Literature: The Girl Who Would Be King
The Girl Who Would Be King is a novel by Kelly Thompson, the publishing of which was funded through Kickstarter.The story follows Bonnie Braverman and Lola LeFever, two teenage girls with superpowers. Bonnie, after living in self-imposed isolation for years following the death of her parents in a car accident, decides she wants to use her abilities to protect people. Meanwhile, Lola kills her mother and sets out in pursuit of wealth and power, and is willing to do absolutely anything to get when she wants. When they meet, their battle will shake the world.

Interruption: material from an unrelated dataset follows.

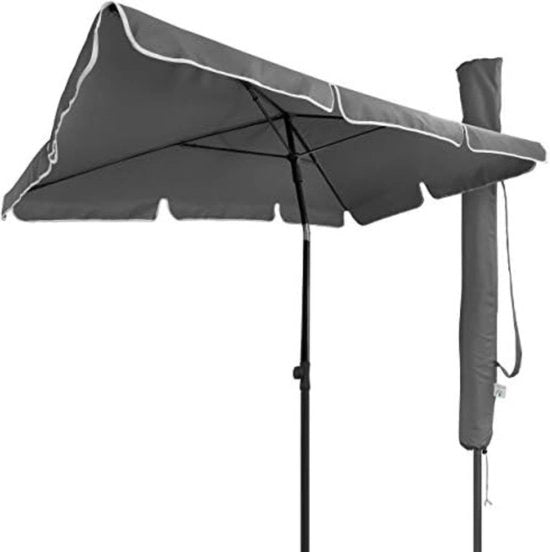 Ombrellone per balcone pieghevole - Protezione UV - Flessibile - Sostenibile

This novel contains examples of:
This novel contains examples of:
- The Alcoholic: Delia became one after losing her powers. Lola eventually becomes one as well.
- Alliterative Name: Bonnie Braverman and Lola LeFever.
- Amplifier Artifact: The raven stone. Though it's not actually the stone itself, but rather the symbol on it.
- Balance Between Good and Evil: The Bravermans and the LeFevers, forever at war, neither side capable of winning or losing.
- Bath Suicide: Attempted by Lola, but fails because of her healing factor.
- Bulletproof Human Shield: Lola uses Albert as one.
- Dead Person Conversation: Bonnie and Lola's mothers appear to them in Spirit Advisor sort of way at various points throughout the book.
- Dead Sidekick: For Bonnie, the death of Bryce
- Death Seeker: Lola, by the end.
- Deconstruction: Thought not as dark as, say, Watchmen, the book takes a pretty serious look at many superhero tropes. For example, Bonnie has trouble balancing her jobs, personal life, and heroics, and she had trouble getting those jobs in the first place.
- Downer Ending: Bonnie kills Lola, but cannot alter the balance between good and evil. She will die young, one of her daughters will be good and the other will be evil, and the endless conflict will continue.
- Dumb Muscle: Lola's one complaint about her powers are that they don't include heightened intelligence, meaning that despite her ambitions she's stuck in a dumb muscle role.
- Flying Brick: Bonnie and Lola's powerset.
- Friendly Enemy: Delia and Scarlett had this kind of relationship.
- Healing Factor: One of Bonnie and Lola's powers.
- In the Blood: The Bravermans are all inherently good, the LeFevers are all inherently evil.
- It's Not You, It's My Enemies: Bonnie to Clark.
- Kill the Ones You Love: Lola inevitably ends up killing everyone she cares about when they betray her.
- Left for Dead: Happens to Bonnie and Lola twice each.
- Meaningful Name: Bonnie means "Good"; Lola means "Sorrow". And of course there's "Braverman" versus "LaFever".
- Morality Pet: Liz for Lola. After killing Liz, Lola goes entirely insane.
- Mummies at the Dinner Table: After killing Elizabeth, Lola keeps her ear and talks to it like she's still alive.
- The Nicknamer: Lola takes pleasure in coming up with demeaning nicknames for her henchmen rather than bothering to learn their real ones.
- The Noun Who Verbed: The title.
- Pregnant Badass: Bonnie during the final battle.
- Rage Against the Reflection: Lola
- Resurrective Immortality: A Braverman or a LaFever won't stay dead unless they have a daughter who can inherit their power.
- Self-Made Orphan: Lola
- Sensory Overload: Lola suffers this when she first discovers her super hearing, though she manages to overcome it.
- The Sociopath: Lola
- The Speechless: Bonnie, due to trauma from the car crash that killed her parents, stops speaking until she turns 18.
- Spirit Advisor: Scarlett to Bonnie and Delia to Lola. However, they don't actually do much — Scarlett would like to help, but is prevented by geis from actually doing so; and Delia doesn't even want to help, and shows up just to mock Lola.
- Super Senses: Bonnie and Lola have super hearing and vision.
- Take Over the City: Lola declares herself King of Los Angeles.
- They Would Cut You Up: A recurring fear of Lola's, and the reason she is wary about killing police or anyone who might catch the government's attention.